[Activity] The line with "แกงลาวปลาร้าหอม" starts the range, and the last line of the listing ends it. Retype that range exactly, without pictures.

[Information supplied]
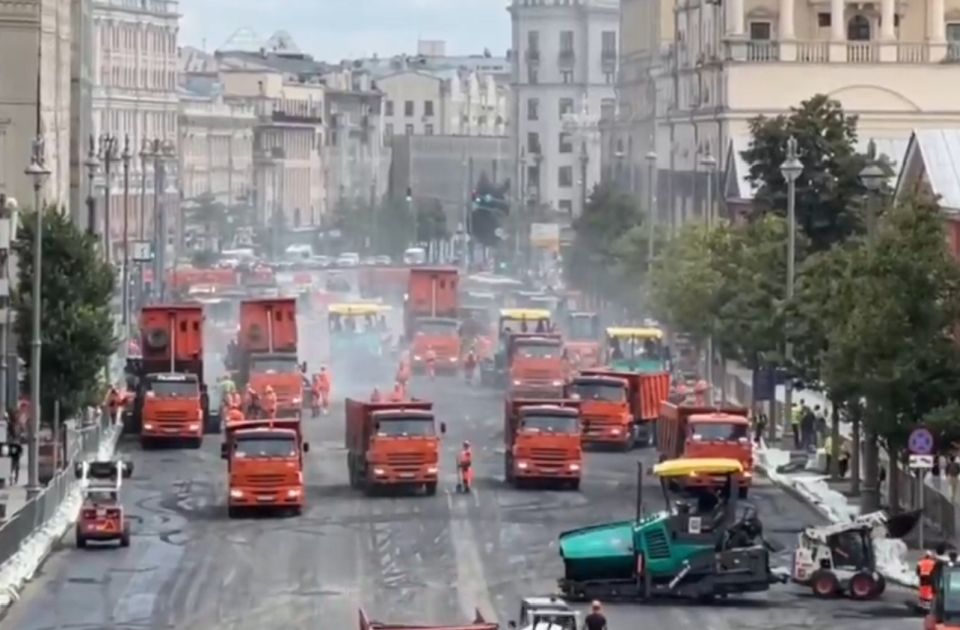 VIDEO: U Moskvi za jedan dan zamenjeno 50.000 kvadrata asfalta VIDEO: U Moskvi za jedan dan zamenjeno 50.000 kvadrata asfalta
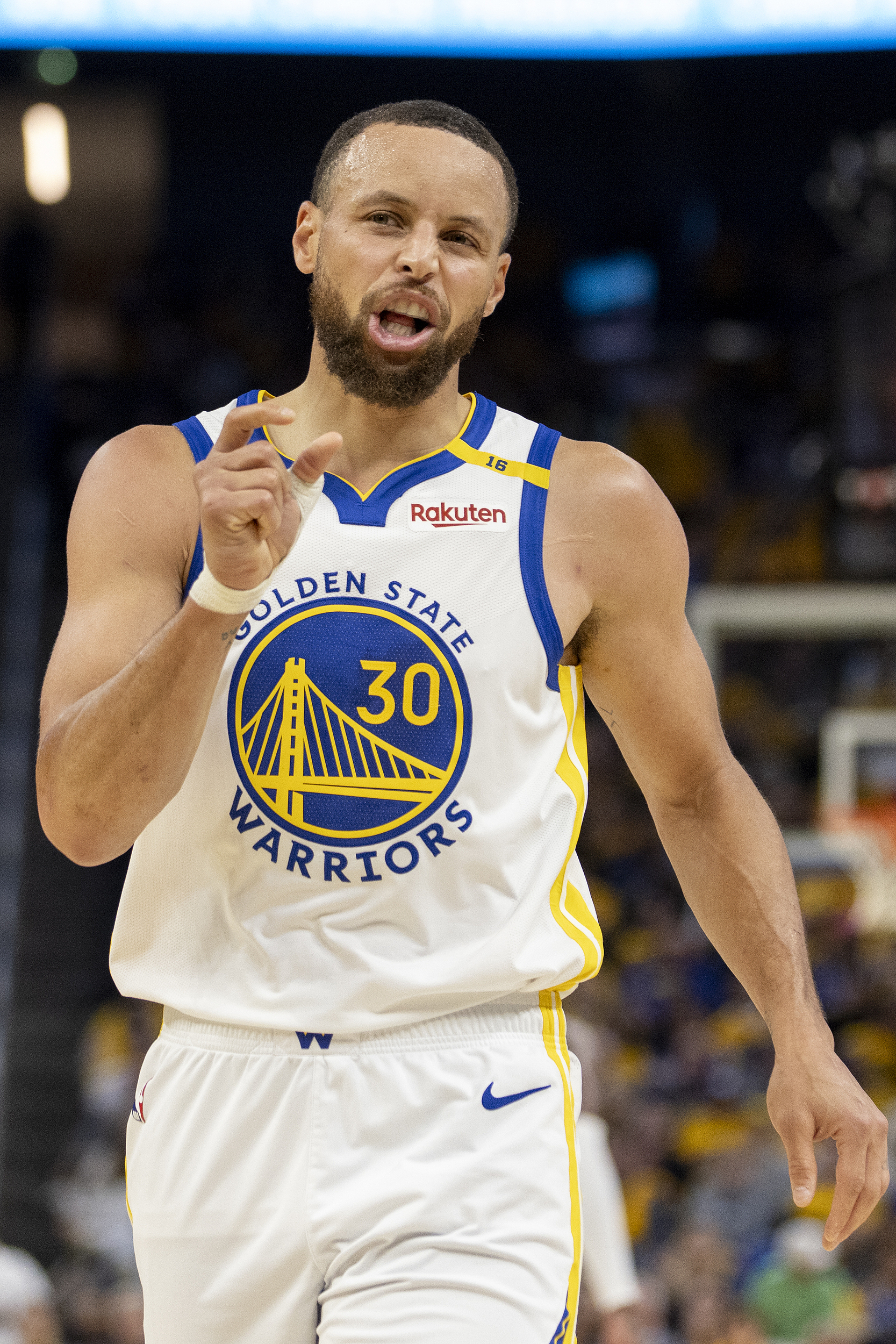 PG电子官网入口-包含勇士队总冠军悬念再次拉开，期待下一场比赛的词条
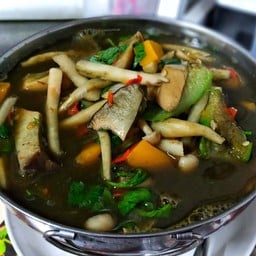 แกงลาวปลาร้าหอม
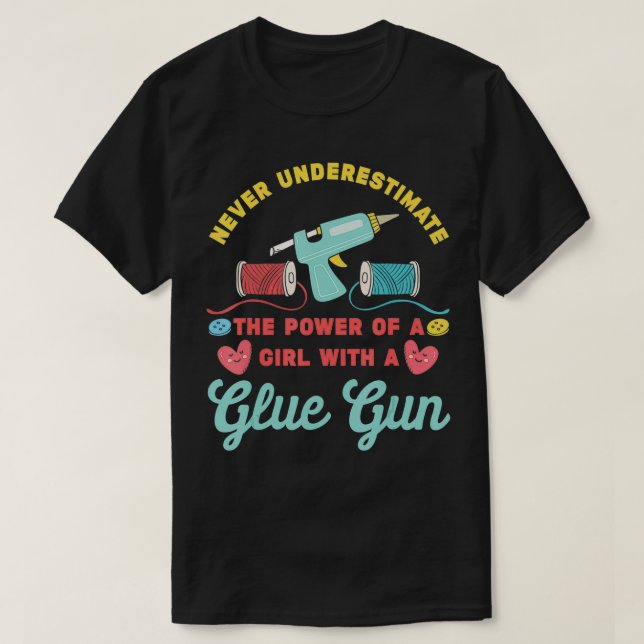 Never Underestimate A Girl with A Glue Gun  Crafty T Shirt (Design framsida)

[Response area]
 แกงลาวปลาร้าหอม
 Never Underestimate A Girl with A Glue Gun  Crafty T Shirt (Design framsida)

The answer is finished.